Back to the present, Aadhi and Seenu, both masked and armed, enter the bank, whereas the panic-stricken Pazhani ditches them. The two friends seize control of the bank and take the customers and employees hostage. Two of the hostages then put on their masks and shoot at Aadhi and Seenu. Police surround the bank and decide to catch the robbers, but the hostages are released at that moment. The police detain and question everyone but are unable to distinguish the identically dressed hostages from the robbers. The police find that the robbers' weapons were plastic replicas, and 5 crores were disappeared from the bank, but no clue was left.

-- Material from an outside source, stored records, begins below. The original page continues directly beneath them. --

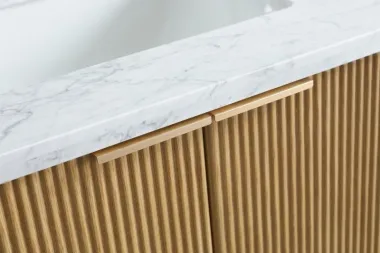 Tulip15030-LC New Designs Bathroom Cabinet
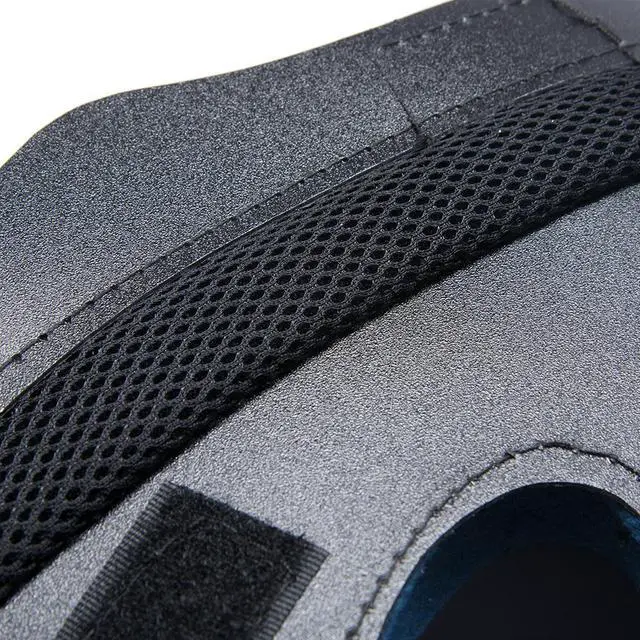 Alt view image 6 of 7 - AHR Replacement Top Liner and Cheek Pads Kit for H-VEN20 Size M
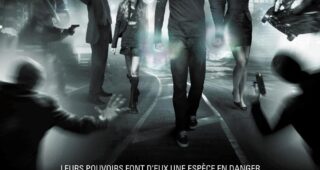 Push : Affiche officielle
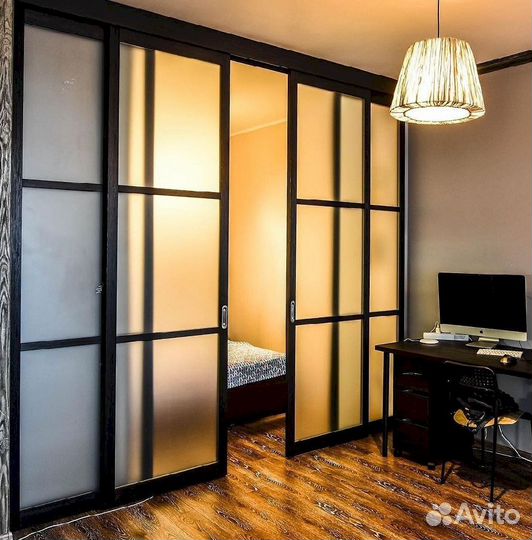 Каскадные перегородки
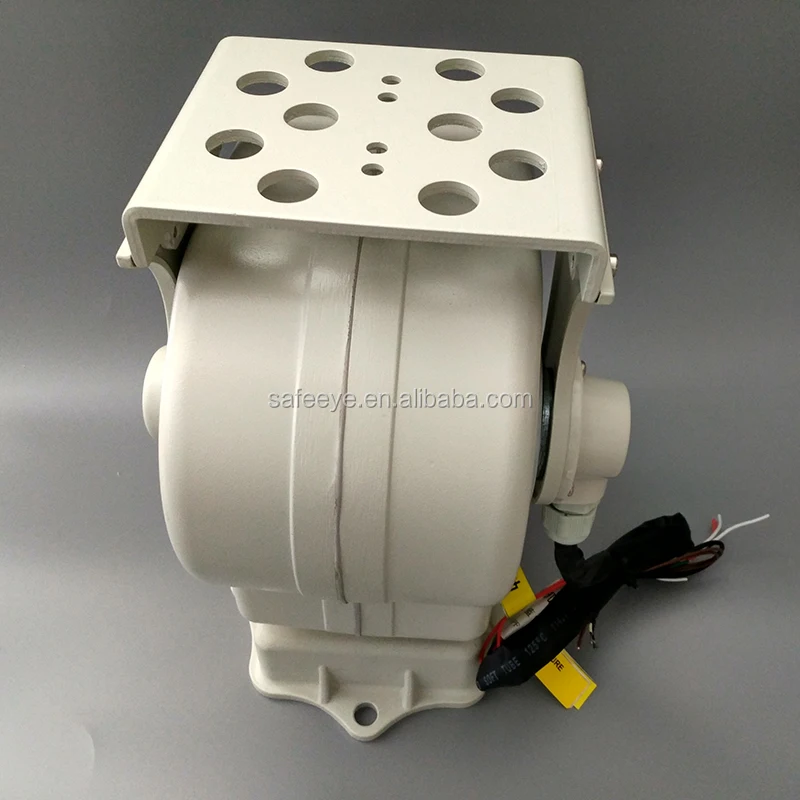 YL3040 Pan tilt motor for camera housing PTZ AC24V CCTV pan tilt unit head outdoor Waterproof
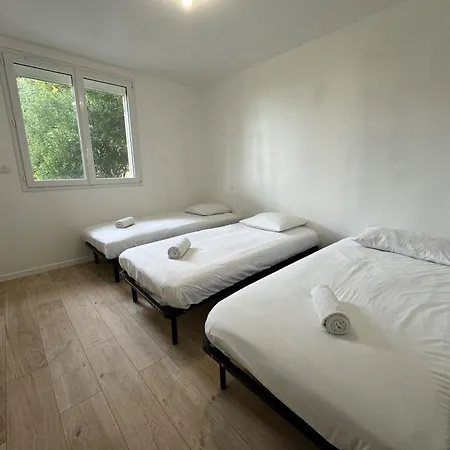 Holiday home Loasis - Gazonfier - 7 Pers - Reve Au Mans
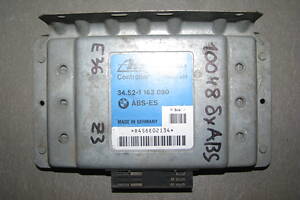 Б/у блок управления ABS BMW 3 Series/Z3 E36 1.6-1.8 1994-1996, 1163090, 34521163090, ATE 10.0944-020 -арт№10048-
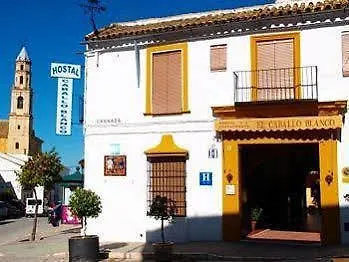 Hostal El Caballo Blanco Osuna 2*,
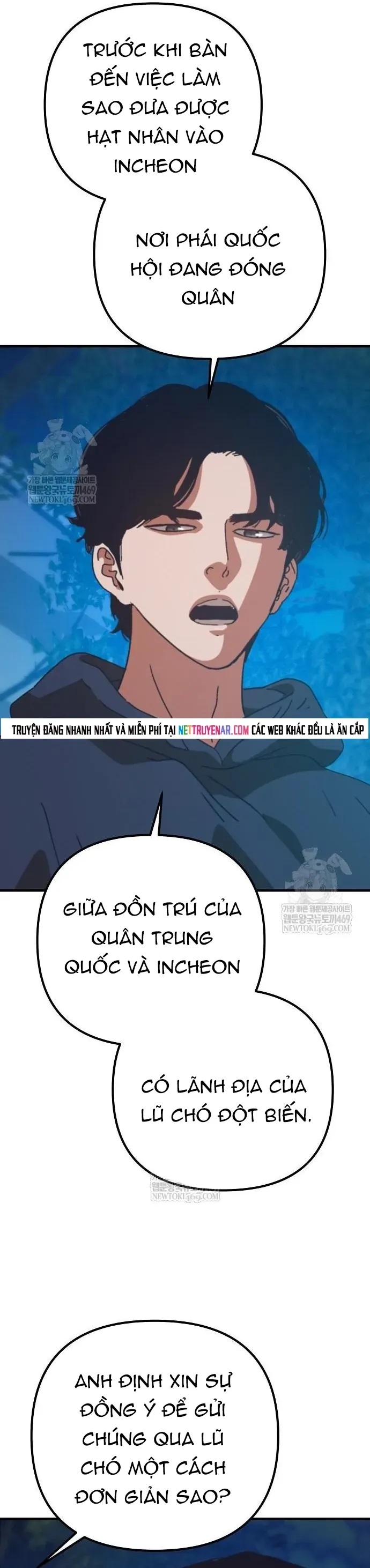 Ngôi Nhà Ẩn Ngày Tận Thế Chapter 80 - 10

A flashback reveals that Aadhi had roped two of his childhood friends Shankar (Shafi) and Hari (Nitish Veera), who were professional bank robbers. The five friends have successfully robbed 5 crores from the bank. Since the police are on their trail, they want to split and go to different towns by entrusting the job of carrying the entire money with a single man: Pazhani, who was not in the bank during the robbery. In the meantime, the police inspector (Ajay) is charged to arrest the culprits, and he finds that five people were involved in this robbery.

The five friends do not trust each other sufficiently. Shankar hires a man to steal the money bag from Pazhani, while Aadhi decides to secretly follow Pazhani in the bus. Aadhi then steals the money bag and runs away. When Pazhani tries to catch Aadhi, a container lorry hit Pazhani, and he died on the spot. A few days later, Aadhi returns to Seenu's home, and Seenu suspects Aadhi of double-crossing them. Aadhi has no other choice but to kill Seenu. Aadhi escapes from the crime scene and later meets with Shankar and Hari. They discover Seenu's dead body in his home and decide to bury it. Hari, who hates Shankar, suspects him of having the money bag and clashes with him, so he kidnaps Shankar's wife Dhanam (Tharsha) and sequesters her in a godown. Hari then realizes that Aadhi betrayed them and threatens to give him the money bag. Aadhi takes Hari to the woods and stones him to death. Aadhi then calls Shankar with Hari's phone and threatens him to kill his wife. Shankar arrives in the woods, and Aadhi cuts his throat.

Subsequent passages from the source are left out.